0

I'm trying to parallelize this numba jitted function. I initially thought this would be trivial since it is an embarrassingly parallel problem, but it produces unexpected results (different output for the sequential and parallel 'implementations'). Any idea what could be happening there and whether there are ways to make this work?

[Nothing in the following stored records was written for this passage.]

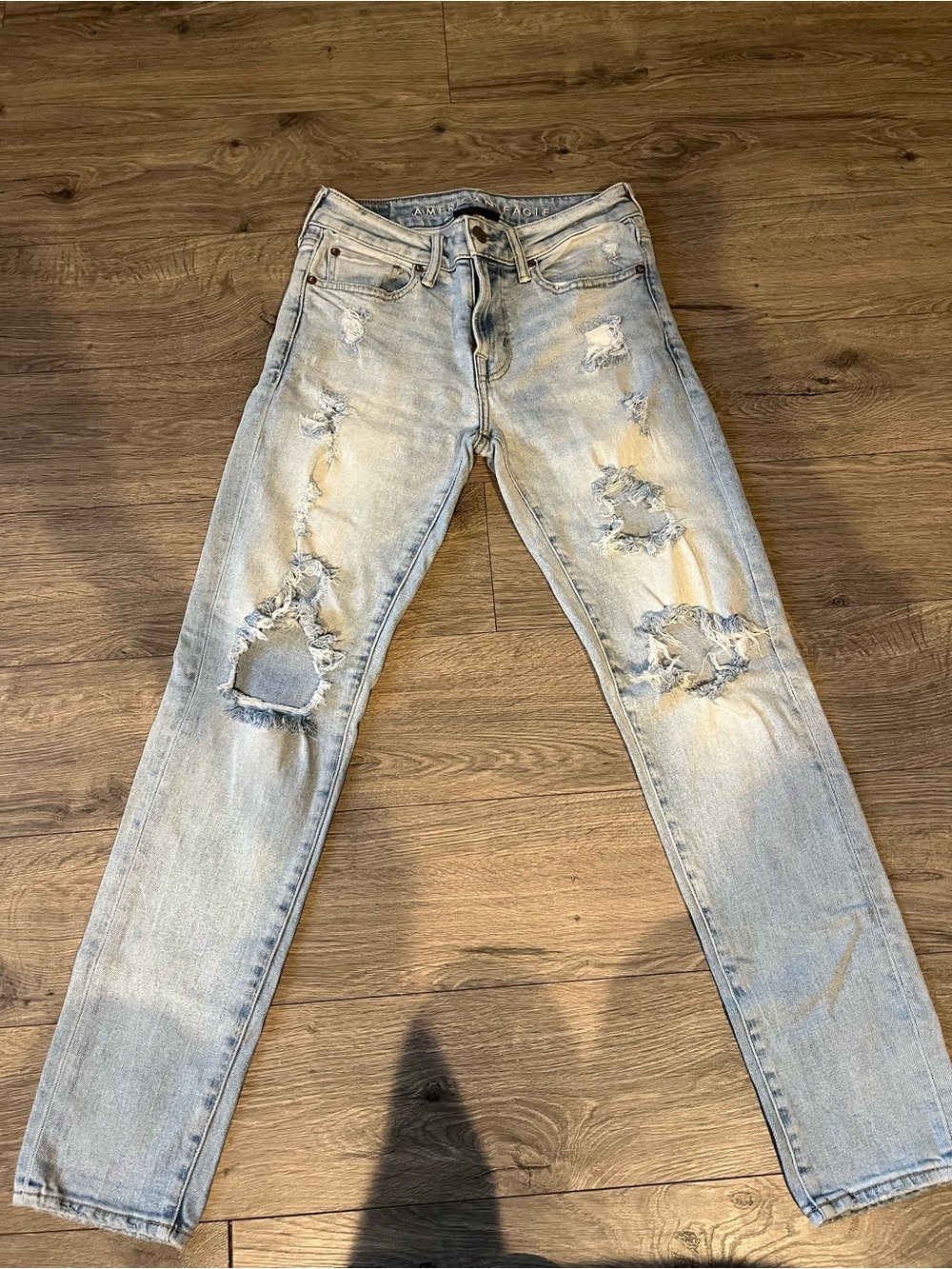 American Eagle Outfitters Light Blue Distressed Skinny Jeans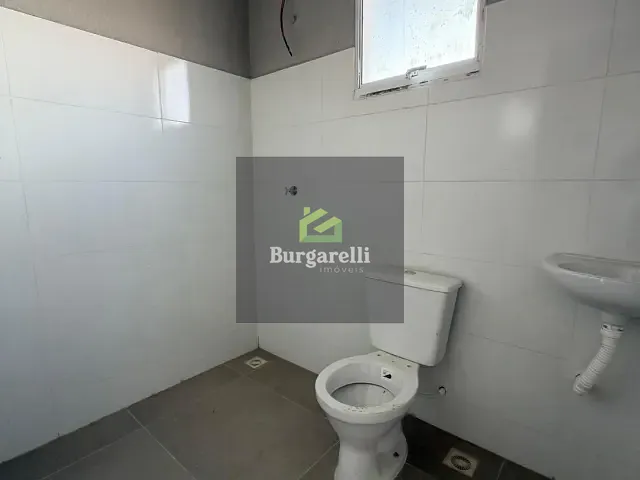 Casa 2 quartos e 1 banheiro, para alugar, no bairro Residencial Londres em Lavras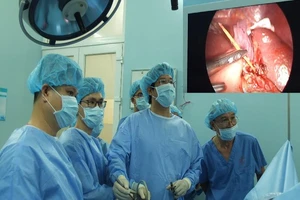 Tăm xuyên thủng lá lách vì…say rượu ngủ quên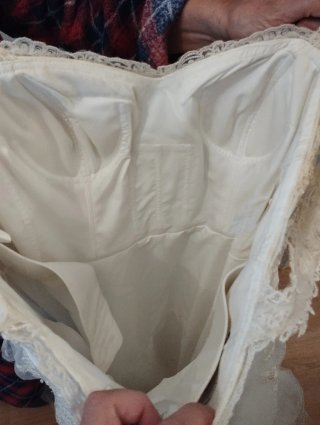 Vestido de Novia con guantes a juego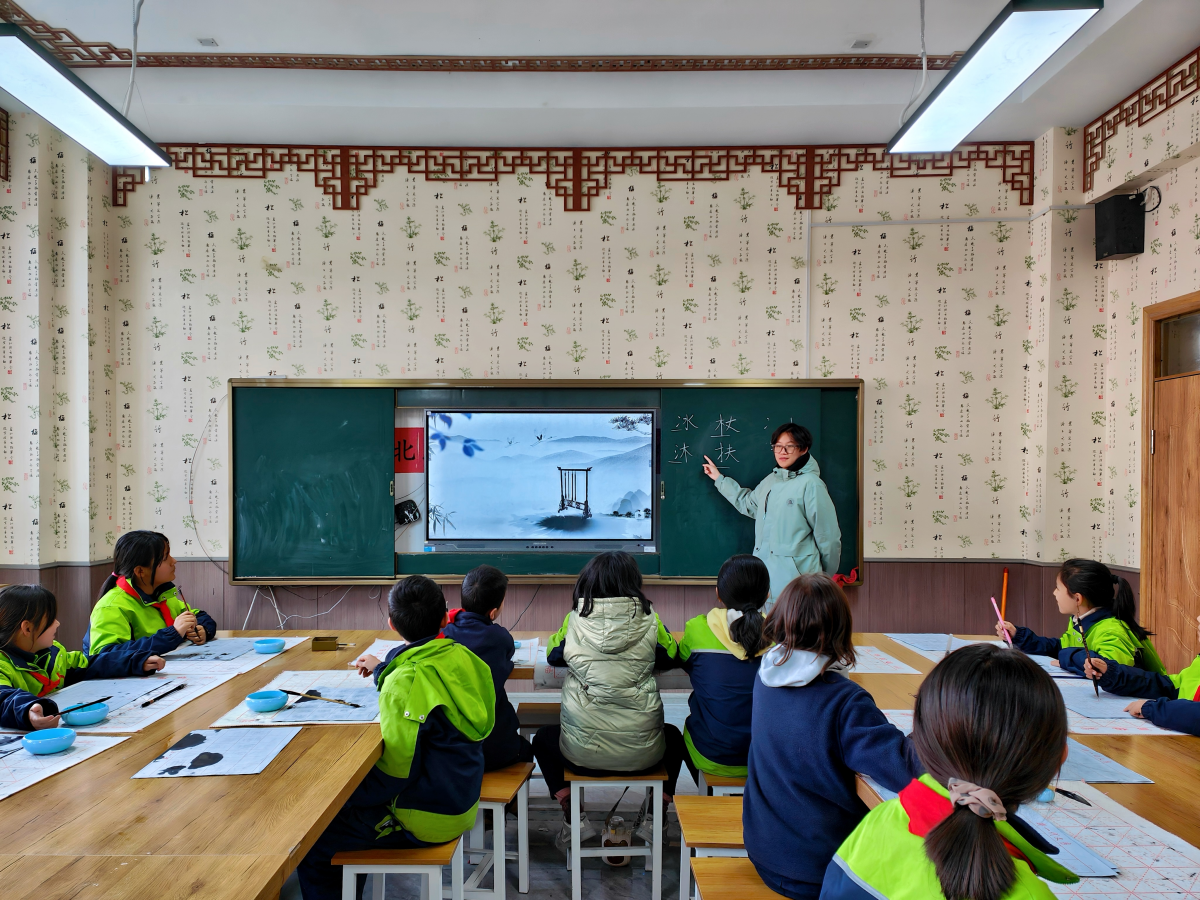 刘雨桐在支教中（央广网发 受访者供图）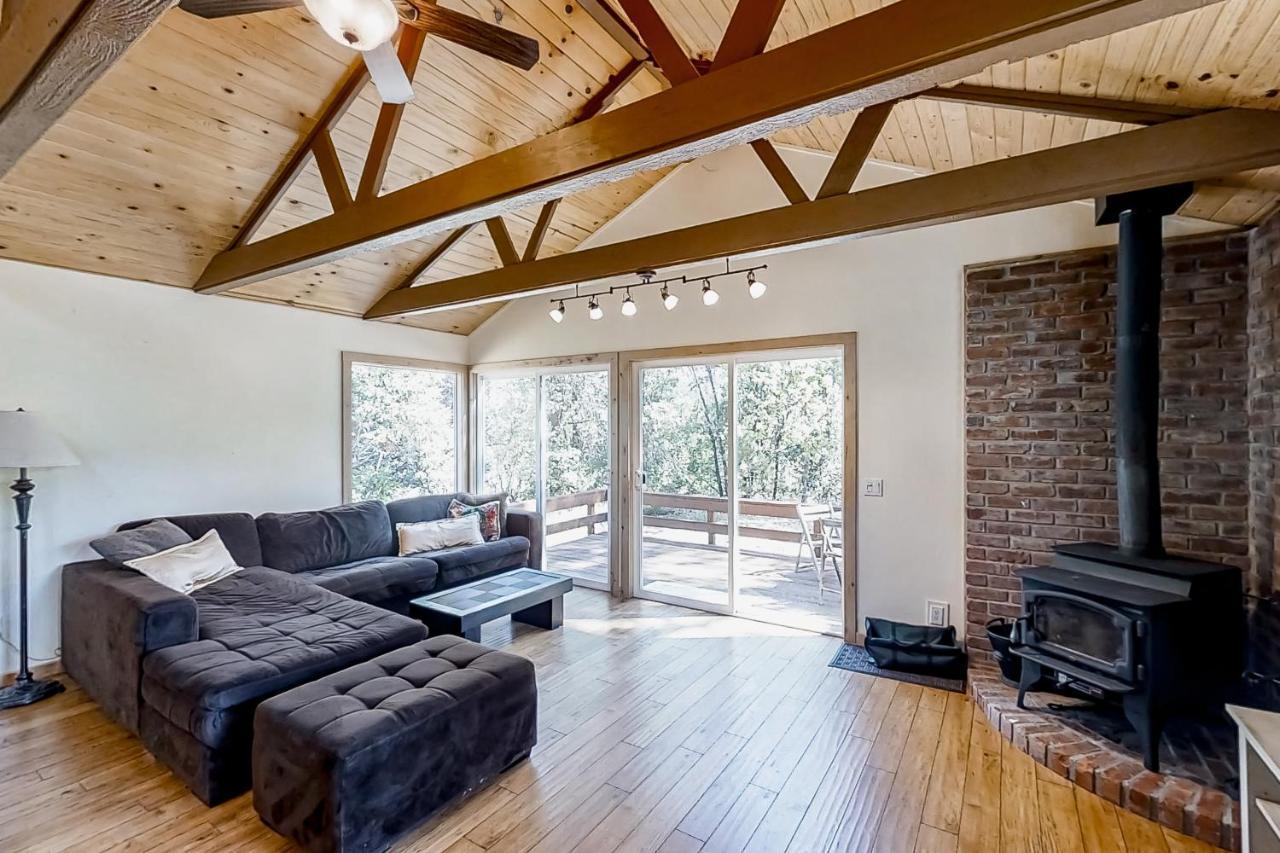 Cascadel Hideaway Villa North Fork Exterior photo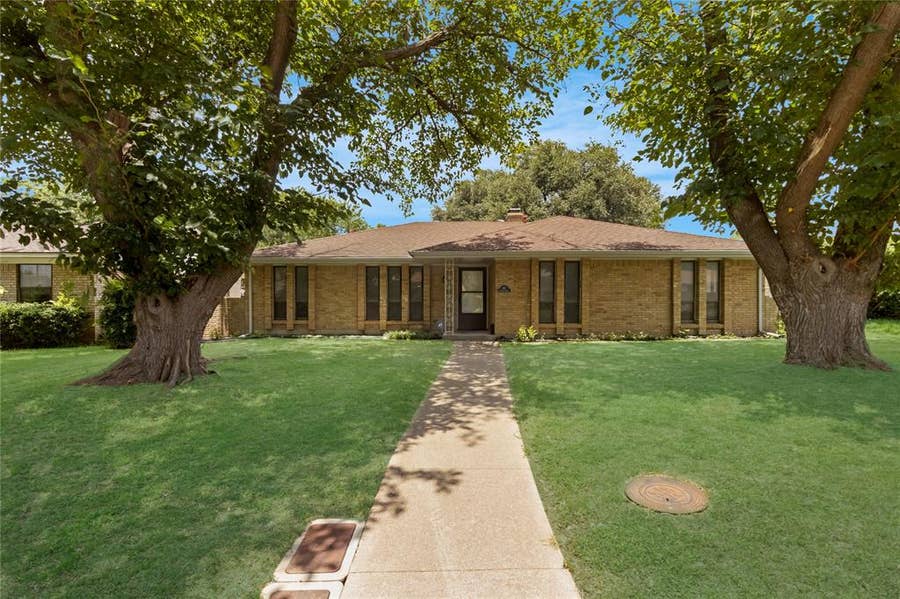 Property photo for 631 E Cherry Street, Duncanville, TX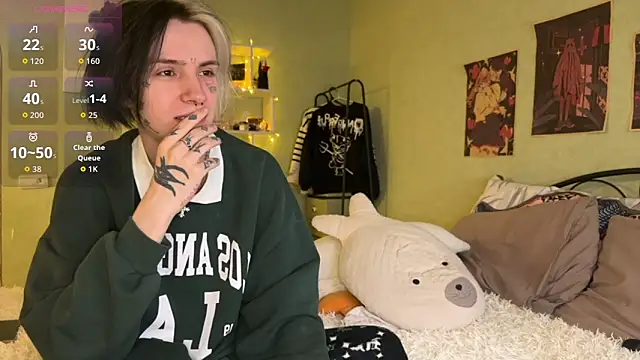 VeryRare TwinS online show from October 31, 8:21 pm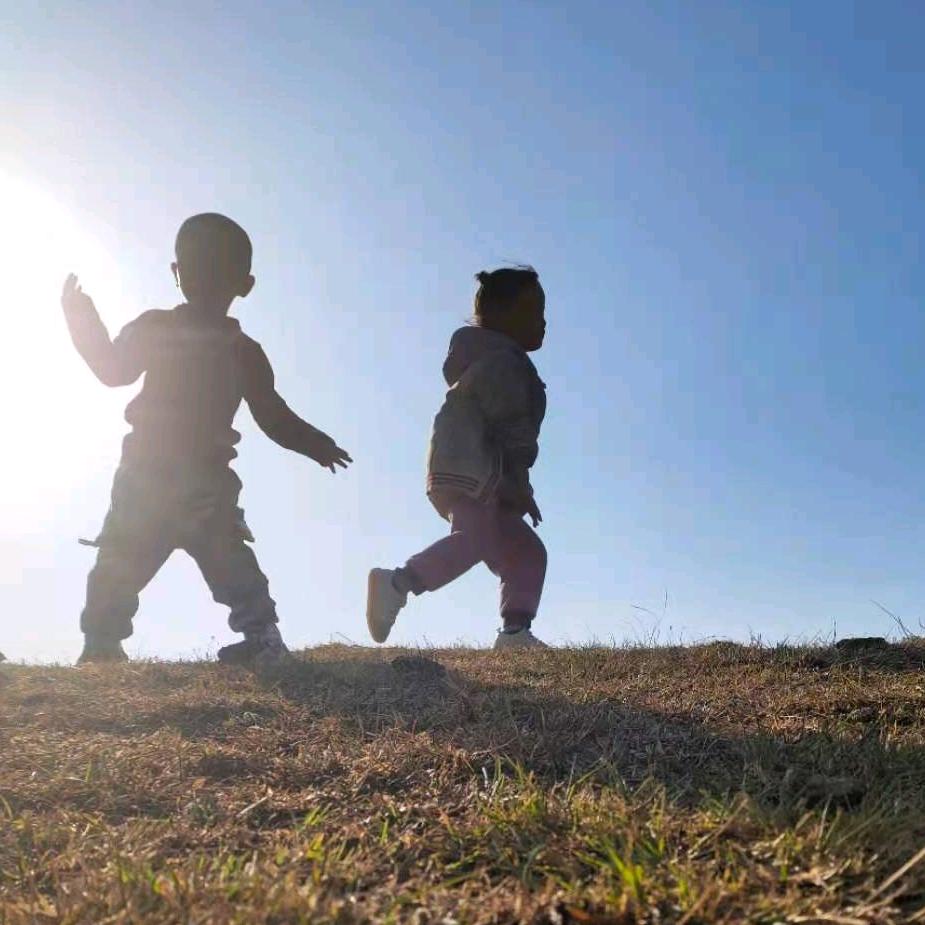 向快乐出发，向幸福奔跑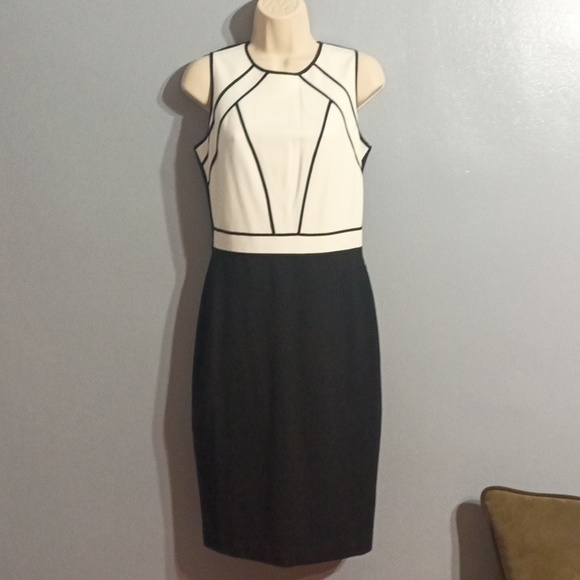 White House black market women's black & white dress - Picture 5 of 17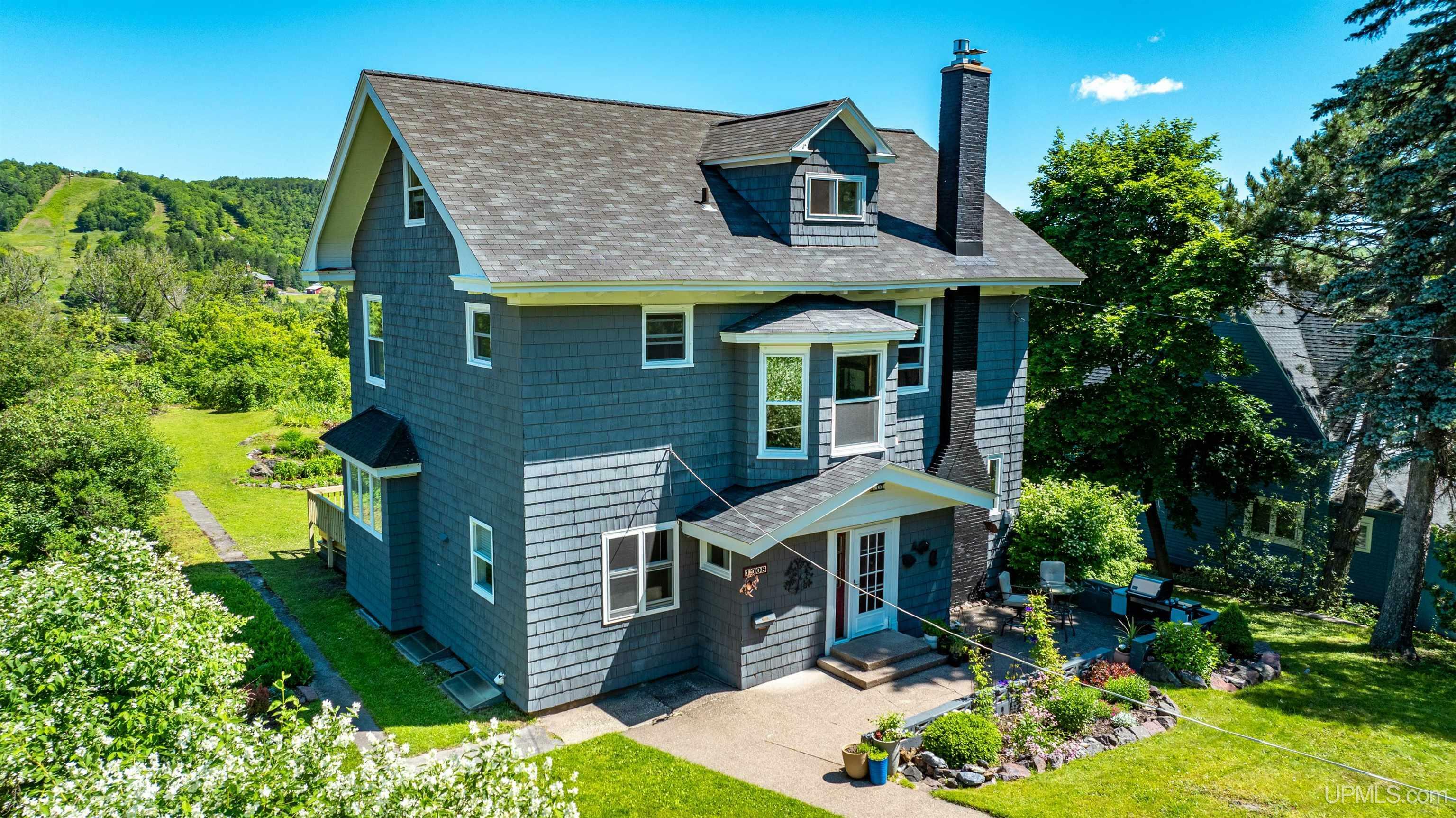 Property Photo:  1008 E Houghton Avenue  MI 49931 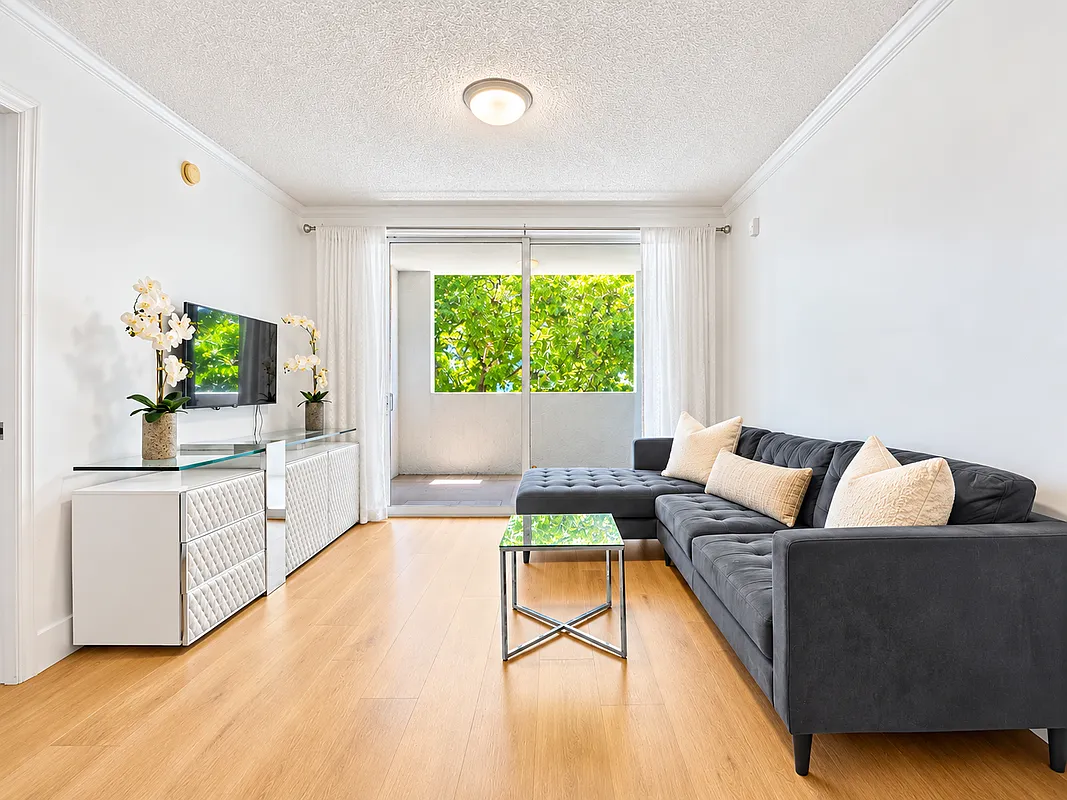 2 bed, 2.0 bath, 1024 sqft, $2,850 — Photo 2
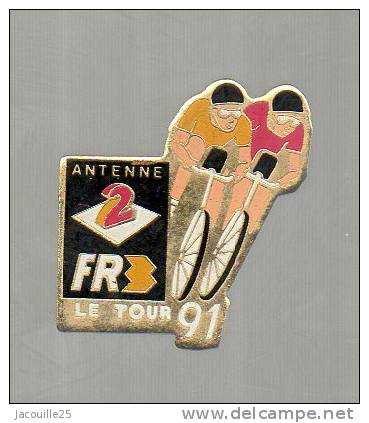 PINS PIN´S VELO CYCLISME COURSES TOUR DE FRANCE VTT TDE MEDIAS FR3 A2 23 MMS DORE - Cycling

See reproducible example below:

import numba
import numpy as np
from sklearn.datasets import make_regression


@numba.jit(nopython=True)
def nanlstsq(X, y):
    """Return the least-squares solution to a linear matrix equation

    Analog to ``numpy.linalg.lstsq`` for dependant variable containing ``Nan``

    Args:
        X ((M, N) np.ndarray): Matrix of independant variables
        y ({(M,), (M, K)} np.ndarray): Matrix of dependant variables

    Returns:
        np.ndarray: Least-squares solution, ignoring ``Nan``
    """
    beta = np.zeros((X.shape[1], y.shape[1]), dtype=np.float64)
    for idx in range(y.shape[1]):
        # subset y and X
        isna = np.isnan(y[:,idx])
        X_sub = X[~isna]
        y_sub = y[~isna,idx]
        # Compute beta on data subset
        XTX = np.linalg.inv(np.dot(X_sub.T, X_sub))
        XTY = np.dot(X_sub.T, y_sub)
        beta[:,idx] = np.dot(XTX, XTY)
    return beta


@numba.jit(nopython=True, parallel=True)
def nanlstsq_parallel(X, y):
    beta = np.zeros((X.shape[1], y.shape[1]), dtype=np.float64)
    for idx in numba.prange(y.shape[1]):
        # subset y and X
        isna = np.isnan(y[:,idx])
        X_sub = X[~isna]
        y_sub = y[~isna,idx]
        # Compute beta on data subset
        XTX = np.linalg.inv(np.dot(X_sub.T, X_sub))
        XTY = np.dot(X_sub.T, y_sub)
        beta[:,idx] = np.dot(XTX, XTY)
    return beta




# Generate random data
n_targets = 10000
n_features = 3
X, y = make_regression(n_samples=200, n_features=n_features,
                       n_targets=n_targets)
# Add random nan to y array
y.ravel()[np.random.choice(y.size, 5*n_targets, replace=False)] = np.nan
# Run the regression
beta = nanlstsq(X, y)
beta_parallel = nanlstsq_parallel(X, y)


np.testing.assert_allclose(beta, beta_parallel)
Loïc Dutrieux
  • 381
  • 5
  • 16

1 Answers1

2

Not sure what is causing the difference between the sequential and parallel versions, but computing the inverse of X_sub.T @ X_sub is not recommended for solving matrix equations - don't invert that matrix. If you still want to compute the normal equations then you should use numpy.linalg.solve or without computing the normal equations, you can use numpy.linalg.lstsq both of which are compatible with numba and pass your assert_allclose test with the sequential version:

@numba.jit(nopython=True, parallel=True)
def nanlstsq_parallel_solve(X, y):
    beta = np.zeros((X.shape[1], y.shape[1]), dtype=np.float64)
    for idx in numba.prange(y.shape[1]):
        # subset y and X
        isna = np.isnan(y[:,idx])
        X_sub = X[~isna]
        y_sub = y[~isna,idx]
        beta[:, idx] = np.linalg.solve(np.dot(X_sub.T, X_sub), np.dot(X_sub.T, y_sub))
    return beta


@numba.jit(nopython=True, parallel=True)
def nanlstsq_parallel_lstsq(X, y):
    beta = np.zeros((X.shape[1], y.shape[1]), dtype=np.float64)
    for idx in numba.prange(y.shape[1]):
        # subset y and X
        isna = np.isnan(y[:,idx])
        X_sub = X[~isna]
        y_sub = y[~isna,idx]
        beta[:, idx] = np.linalg.lstsq(X_sub, y_sub)[0]
    return beta


beta_parallel_solve = nanlstsq_parallel_solve(X, y)
beta_parallel_lstsq = nanlstsq_parallel_lstsq(X, y)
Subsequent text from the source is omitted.